**What is being asked:**
Once you find the line containing "島とうがらし　コーレーグスー 　70ｇ", set down exactly that line and every one after it through the end of the listing below, with both ends included and any pictures omitted.

**Data under study:**
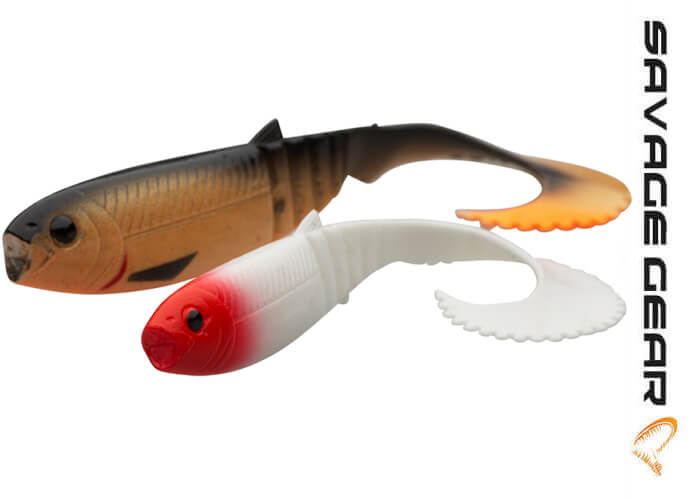 cannibal curltail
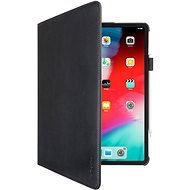 Gecko Covers für Apple iPad Pro 12.9" (2020) Easy-click cover schwarz - Tablet-Hülle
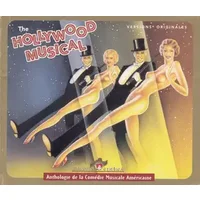 The Hollywood Musical - Various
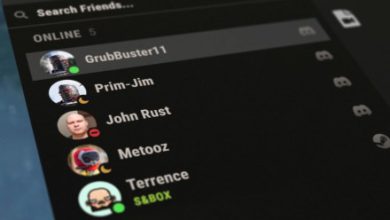 Discord is supercharging games with built-in messaging and exclaim chats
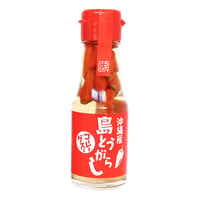 島とうがらし　コーレーグスー 　70ｇ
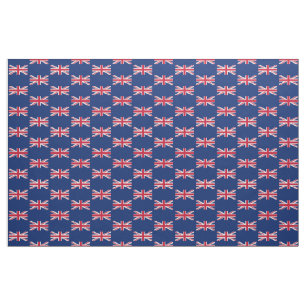 United Kingdom Fabric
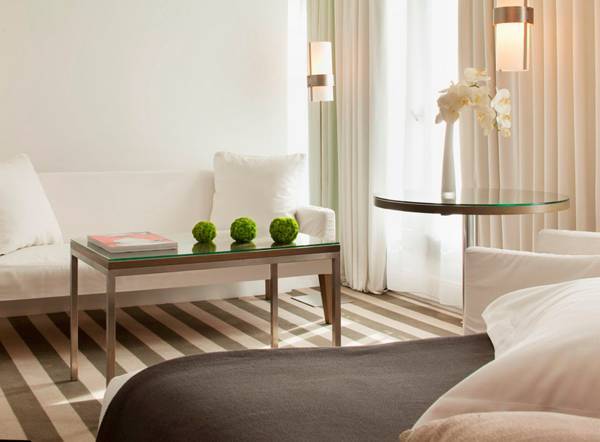 Le 'a' 4* Франция, Париж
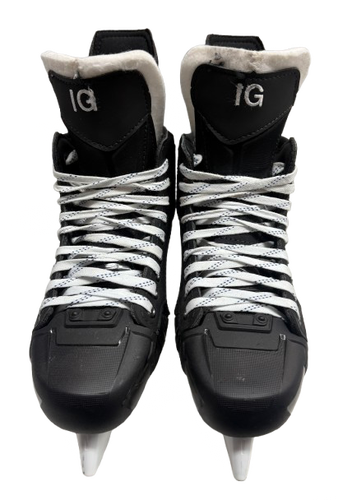 CCM Jetspeed FT6 Pro Pro Stock Hockey Skates 9 Wide New MIC (14540)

**Written answer:**
 島とうがらし　コーレーグスー 　70ｇ
 United Kingdom Fabric
 Le 'a' 4* Франция, Париж
 CCM Jetspeed FT6 Pro Pro Stock Hockey Skates 9 Wide New MIC (14540)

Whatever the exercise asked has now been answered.